By All Clean Natural China | 11 February 2021 | 0 Comments

This thing might be the best guardian against COVID-19 besides wet wipes

To fight against COVID-19, not only we pay attention to storing wet wipes and hand sanitizers for hand disinfection, but also should mind the absorption of Vitamin D.
The evidence continues to grow: there are more and more publications in peer-reviewed medical journals about the possible connection between vitamin D and covid-19 presentation for us, telling us about what your presentations all about as an agent for covid-19 since March 2020. 
And because time many different individuals have become involved with studying the agent, as well several research studies are done, and also the objective of this is to sort of look in the development and the believing of using vitamin D and also COVID-19.
Now we will discuss the below eight parts, to help you get a comprehensive understanding of how your body fight against COVID-19.
1-What is vitamin D?
2-What does vitamin d do to me? Why is vitamin D important?
3-How to get vitamin D?
4-How much vitamin d should I take per day?
5-What foods have vitamin D?
6-What causes low vitamin D, who suffered more from the deficiency?
7-What happens when your vitamin D is low?
8-How much sun for vitamin D?

1-What is vitamin D?

  According to NIH’s explanation, Vitamin D (also referred to as “calciferol”) is a fat-soluble vitamin that is naturally present in a few foods, added to others, and available as a dietary supplement. It is also produced endogenously when ultraviolet (UV) rays from sunlight strike the skin and trigger vitamin D synthesis.
  The first thing you've got to understand is that vitamin D is not just a vitamin. Vitamin D is actually a hormone. By the structure, you'll notice that it is a steroid hormone which means the nucleus can be gone into.
  You can go through membranes and make effective changes and specifically the vitamin D. Receptor is a member of this nuclear receptor steroid hormone superfamily, and so as you can see here we have vitamin D going through the membrane and affecting a binding to the receipt and then it actually goes into the nucleus where it can affect transcriptional change. It is of great significance that it does not just function as some vitamin supplement for you, but also, and actually a hormone that changes the way your cells in the body.
  Actually behave is this idea you need to vitamin D or just happened with other vitamins and in addition to that what are some of the main differences between a vitamin and a hormone?
  Good question!
2-What does vitamin D do to me?
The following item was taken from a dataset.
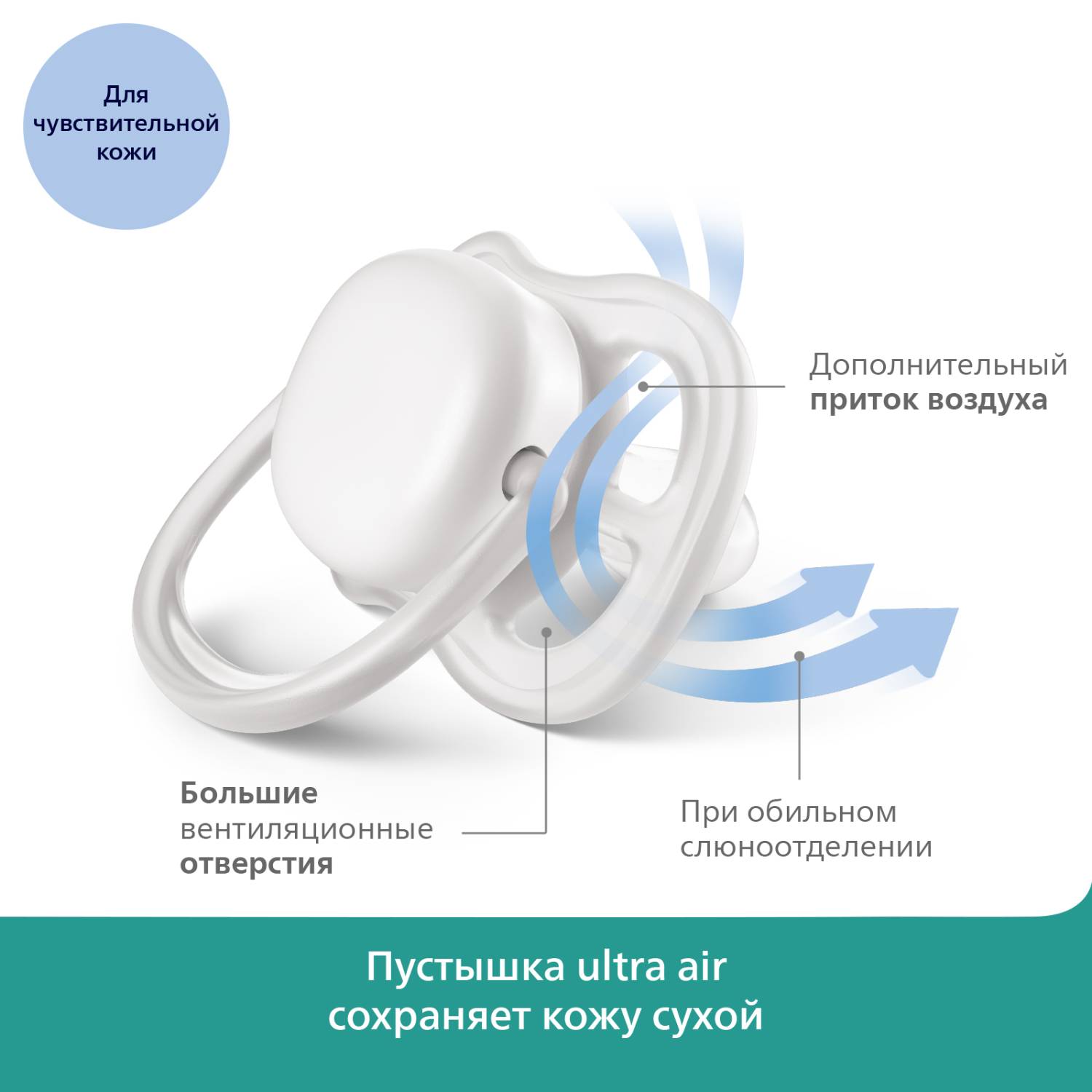 Пустышка Philips Avent ортодонтическая от 6 мес. - фото 4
Why is vitamin D important?

  Vitamin D, as a potential way to prevent covid-19 infections, experts have been talking about this for a few months.
 “Most of us grew up learning about the importance of vitamin D for bone health, but it may also play a role in immune system support and a number of chronic health conditions,” says Marisa Moore, RDN, a registered dietitian nutritionist in Atlanta.
  You know what vitamin is actually a shortened version of a vital, I mean vital meeting you needed to live, and in the mean is, a type of chemical compound. You know what vitamin D is not even an amine course, it's vital. It's not as if you need a certain amount of this substance to just keep the normal functioning of the body. What it needs to do understand:  vitamin D is so much more complicated than that we thought that vitamin D was just involved in calcium regulation, and that is true.
  Antioxidants tend to be somewhat more such as something that you want like a cofactor or something different to find something to function.  Therefore in that way, vitamin D is surely a vitamin as the human system needs it so as to reside.
  Circulate through the body and they have different effects on different target tissues. Antioxidants tend to be somewhat more such as something that you want like a cofactor or something different to find something to function. Therefore in that way, vitamin D is surely a vitamin as the human system needs it so as to reside. But another since it's so much m There's no question about that but vitamin D is so much more than that it's a fat-soluble vitamin which means it can pass through membranes without any problem it doesn't need to be regulated it can bind with a receptor and go directly into the cellular up washing the nucleus in fact and actually cause or prevent transcription of RNA. We've seen that there are vitamin D receptors in numerous cell types including the cell types of the immune system so in that sense it is a hormone.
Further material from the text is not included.